=== Begin Enclosure ===

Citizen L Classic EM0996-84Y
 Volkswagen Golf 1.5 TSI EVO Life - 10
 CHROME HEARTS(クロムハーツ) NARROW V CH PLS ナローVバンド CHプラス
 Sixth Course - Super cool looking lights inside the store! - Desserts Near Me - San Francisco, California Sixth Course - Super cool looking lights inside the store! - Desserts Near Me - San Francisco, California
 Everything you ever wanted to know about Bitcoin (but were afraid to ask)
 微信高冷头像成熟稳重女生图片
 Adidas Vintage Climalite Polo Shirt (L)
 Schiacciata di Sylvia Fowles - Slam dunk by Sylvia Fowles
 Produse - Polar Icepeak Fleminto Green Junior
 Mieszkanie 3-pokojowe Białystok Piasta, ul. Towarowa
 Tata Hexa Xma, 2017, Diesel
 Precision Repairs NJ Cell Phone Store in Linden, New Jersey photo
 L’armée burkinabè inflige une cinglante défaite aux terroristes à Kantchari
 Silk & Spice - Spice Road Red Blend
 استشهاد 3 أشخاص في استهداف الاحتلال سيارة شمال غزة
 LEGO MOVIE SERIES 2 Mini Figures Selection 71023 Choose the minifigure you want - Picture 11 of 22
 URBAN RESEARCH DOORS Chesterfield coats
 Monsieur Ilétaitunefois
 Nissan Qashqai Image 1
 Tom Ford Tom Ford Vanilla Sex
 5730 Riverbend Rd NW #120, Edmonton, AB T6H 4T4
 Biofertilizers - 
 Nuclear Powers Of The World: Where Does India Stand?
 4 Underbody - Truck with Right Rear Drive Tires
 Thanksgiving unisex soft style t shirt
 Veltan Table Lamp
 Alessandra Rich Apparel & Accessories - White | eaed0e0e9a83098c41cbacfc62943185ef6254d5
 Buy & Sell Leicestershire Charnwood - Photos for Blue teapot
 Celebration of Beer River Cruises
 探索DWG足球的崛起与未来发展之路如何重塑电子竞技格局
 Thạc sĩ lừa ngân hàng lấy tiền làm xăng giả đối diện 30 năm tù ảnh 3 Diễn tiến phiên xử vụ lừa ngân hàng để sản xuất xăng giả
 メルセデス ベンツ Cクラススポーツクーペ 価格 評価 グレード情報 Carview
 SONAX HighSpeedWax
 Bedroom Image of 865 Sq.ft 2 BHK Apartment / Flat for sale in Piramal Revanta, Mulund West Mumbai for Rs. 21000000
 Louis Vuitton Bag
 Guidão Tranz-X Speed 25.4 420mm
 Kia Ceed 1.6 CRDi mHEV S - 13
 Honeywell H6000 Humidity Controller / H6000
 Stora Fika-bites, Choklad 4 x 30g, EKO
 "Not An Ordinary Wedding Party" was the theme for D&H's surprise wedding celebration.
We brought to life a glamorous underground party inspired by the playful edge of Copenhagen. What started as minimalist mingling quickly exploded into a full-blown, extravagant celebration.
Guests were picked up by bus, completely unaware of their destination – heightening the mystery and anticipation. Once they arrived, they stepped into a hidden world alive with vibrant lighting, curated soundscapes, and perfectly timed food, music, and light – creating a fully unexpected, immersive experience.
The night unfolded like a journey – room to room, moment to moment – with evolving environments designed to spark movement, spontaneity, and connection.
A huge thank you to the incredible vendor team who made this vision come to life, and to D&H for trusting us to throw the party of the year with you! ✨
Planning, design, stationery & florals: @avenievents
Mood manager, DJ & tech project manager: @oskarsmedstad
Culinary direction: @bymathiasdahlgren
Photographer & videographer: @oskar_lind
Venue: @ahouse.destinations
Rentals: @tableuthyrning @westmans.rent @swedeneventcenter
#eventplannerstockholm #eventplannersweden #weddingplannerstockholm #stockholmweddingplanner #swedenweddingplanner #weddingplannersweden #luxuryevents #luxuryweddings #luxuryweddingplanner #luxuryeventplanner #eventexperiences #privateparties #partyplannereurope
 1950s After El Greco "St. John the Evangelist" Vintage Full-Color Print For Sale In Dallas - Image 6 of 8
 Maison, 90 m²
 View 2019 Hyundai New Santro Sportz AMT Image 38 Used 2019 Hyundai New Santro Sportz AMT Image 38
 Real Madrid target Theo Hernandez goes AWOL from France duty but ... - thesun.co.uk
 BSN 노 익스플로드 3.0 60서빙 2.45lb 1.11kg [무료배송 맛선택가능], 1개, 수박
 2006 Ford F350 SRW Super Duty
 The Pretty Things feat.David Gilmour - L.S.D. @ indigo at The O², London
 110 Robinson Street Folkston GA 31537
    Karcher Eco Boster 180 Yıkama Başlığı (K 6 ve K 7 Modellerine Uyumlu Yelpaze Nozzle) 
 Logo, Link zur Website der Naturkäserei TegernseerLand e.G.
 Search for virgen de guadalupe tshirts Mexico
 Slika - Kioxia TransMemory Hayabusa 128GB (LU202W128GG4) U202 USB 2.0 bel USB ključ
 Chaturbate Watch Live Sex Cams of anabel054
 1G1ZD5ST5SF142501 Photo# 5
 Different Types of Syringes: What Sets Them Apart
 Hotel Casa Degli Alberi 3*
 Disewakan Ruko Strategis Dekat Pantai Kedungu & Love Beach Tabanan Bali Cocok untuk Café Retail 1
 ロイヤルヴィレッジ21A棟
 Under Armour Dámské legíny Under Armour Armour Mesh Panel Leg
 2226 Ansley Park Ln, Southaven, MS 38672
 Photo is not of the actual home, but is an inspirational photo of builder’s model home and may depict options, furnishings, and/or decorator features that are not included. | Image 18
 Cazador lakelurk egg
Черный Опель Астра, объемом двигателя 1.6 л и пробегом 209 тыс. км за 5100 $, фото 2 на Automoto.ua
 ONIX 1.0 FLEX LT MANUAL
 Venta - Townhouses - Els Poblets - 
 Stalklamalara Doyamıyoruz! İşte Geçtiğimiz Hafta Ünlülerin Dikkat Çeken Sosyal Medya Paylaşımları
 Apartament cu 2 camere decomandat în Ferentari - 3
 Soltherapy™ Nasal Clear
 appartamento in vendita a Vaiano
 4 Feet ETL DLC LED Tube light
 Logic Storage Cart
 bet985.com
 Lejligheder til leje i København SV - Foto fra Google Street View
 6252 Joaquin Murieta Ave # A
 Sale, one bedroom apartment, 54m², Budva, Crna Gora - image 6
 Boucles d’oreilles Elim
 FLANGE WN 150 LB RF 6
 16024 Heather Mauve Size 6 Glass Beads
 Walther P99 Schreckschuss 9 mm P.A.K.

=== End Enclosure ===

REQUIRED ACTION
In the records above, find the line with "Celebration of Beer River Cruises"; write out exactly that line and each one after it, stopping after the line with "SONAX HighSpeedWax".

EXPECTED ANSWER
 Celebration of Beer River Cruises
 探索DWG足球的崛起与未来发展之路如何重塑电子竞技格局
 Thạc sĩ lừa ngân hàng lấy tiền làm xăng giả đối diện 30 năm tù ảnh 3 Diễn tiến phiên xử vụ lừa ngân hàng để sản xuất xăng giả
 メルセデス ベンツ Cクラススポーツクーペ 価格 評価 グレード情報 Carview
 SONAX HighSpeedWax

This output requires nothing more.